#### Supplied data ####
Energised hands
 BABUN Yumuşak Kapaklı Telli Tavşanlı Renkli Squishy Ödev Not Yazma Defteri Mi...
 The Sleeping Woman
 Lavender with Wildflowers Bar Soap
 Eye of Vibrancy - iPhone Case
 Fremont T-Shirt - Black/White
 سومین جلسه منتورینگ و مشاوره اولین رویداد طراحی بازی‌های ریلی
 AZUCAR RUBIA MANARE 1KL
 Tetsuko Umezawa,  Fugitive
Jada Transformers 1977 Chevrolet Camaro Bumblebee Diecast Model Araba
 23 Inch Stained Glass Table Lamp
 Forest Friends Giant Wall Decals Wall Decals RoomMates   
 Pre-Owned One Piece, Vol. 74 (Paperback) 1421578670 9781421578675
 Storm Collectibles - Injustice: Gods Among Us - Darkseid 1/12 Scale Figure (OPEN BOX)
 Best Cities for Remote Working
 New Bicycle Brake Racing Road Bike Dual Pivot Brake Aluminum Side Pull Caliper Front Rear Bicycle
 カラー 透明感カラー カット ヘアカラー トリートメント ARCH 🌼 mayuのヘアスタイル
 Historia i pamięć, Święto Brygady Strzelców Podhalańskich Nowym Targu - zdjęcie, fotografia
####
Task statement —
An exact transcription of all the entries is needed.

Written answer —
Energised hands
 BABUN Yumuşak Kapaklı Telli Tavşanlı Renkli Squishy Ödev Not Yazma Defteri Mi...
 The Sleeping Woman
 Lavender with Wildflowers Bar Soap
 Eye of Vibrancy - iPhone Case
 Fremont T-Shirt - Black/White
 سومین جلسه منتورینگ و مشاوره اولین رویداد طراحی بازی‌های ریلی
 AZUCAR RUBIA MANARE 1KL
 Tetsuko Umezawa,  Fugitive
Jada Transformers 1977 Chevrolet Camaro Bumblebee Diecast Model Araba
 23 Inch Stained Glass Table Lamp
 Forest Friends Giant Wall Decals Wall Decals RoomMates   
 Pre-Owned One Piece, Vol. 74 (Paperback) 1421578670 9781421578675
 Storm Collectibles - Injustice: Gods Among Us - Darkseid 1/12 Scale Figure (OPEN BOX)
 Best Cities for Remote Working
 New Bicycle Brake Racing Road Bike Dual Pivot Brake Aluminum Side Pull Caliper Front Rear Bicycle
 カラー 透明感カラー カット ヘアカラー トリートメント ARCH 🌼 mayuのヘアスタイル
 Historia i pamięć, Święto Brygady Strzelców Podhalańskich Nowym Targu - zdjęcie, fotografia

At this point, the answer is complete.